Ray Saintonge said:
Still there would be questions about whether
retaining the
material in the archives would be continued publication. Edits are
constantly being replaced, and removal from immediate access.
I don't know what WikiMedia's lawyers think of the fact that every single
item in Wikipedia's archives are immediately available via URLs, and that
each article on Wikipedia contains a link to the history which is a list
of links to previous content.
An interesting thing happened today. An article was listed for deletion,
but at some point RickK marked it as a copyvio; the article seemed to be
heading for a keep or no consensus. I disputed Rick's action because the
article isn't a copy, and Rick pointed out that an earlier incarnation had
been a copyvio. I still thought it was OTT, but now I'm thinking that
copyvio is the right place, and that the correct action to take is that
the article should be deleted and all but the copyvio versions restored.
The
definition of publisher under the UK Defamation Act is also
interesting.
It's extremely broad under that act. Basically if you cause or enable
something defamatory to be transmitted to others in any way, shape or
form, you're a publisher, but if you're an internet service provider you
*probably* have a get-out unless and until you're made aware of the
specific defamation.
The
damages awarded in Godfrey v. Demon were £15,000. The legal costs
awarded at £250,000 seem to be completely out of proportion to the
damages, so I would be curious about the British procedure for taxing
costs. Where does the USD 1,000,000 exageration come from?

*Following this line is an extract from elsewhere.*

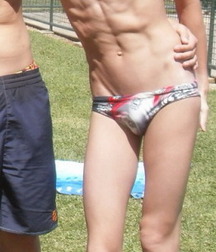 skinny twinks 11 59d173377d518.jpg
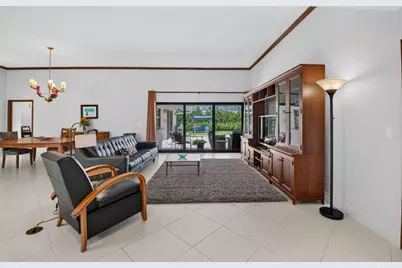 2750 NW 26th Court, Boca Raton, FL 33434 - Photo 8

The case never went to court; it was an out-of-court settlement, not an
award. I misremembered the amount. The pre-trial phase of the case was a
very hard-fought one so I don't think the costs sound particularly high in
the circumstances. Godfrey is very persistent and confident in his
ability to win cases, so he tends to put everything into them.
The defendants in this case were a UK company, so how
this might have
been reciprocally enforced against a US company did not arise.
See Godfrey versus Cornell University.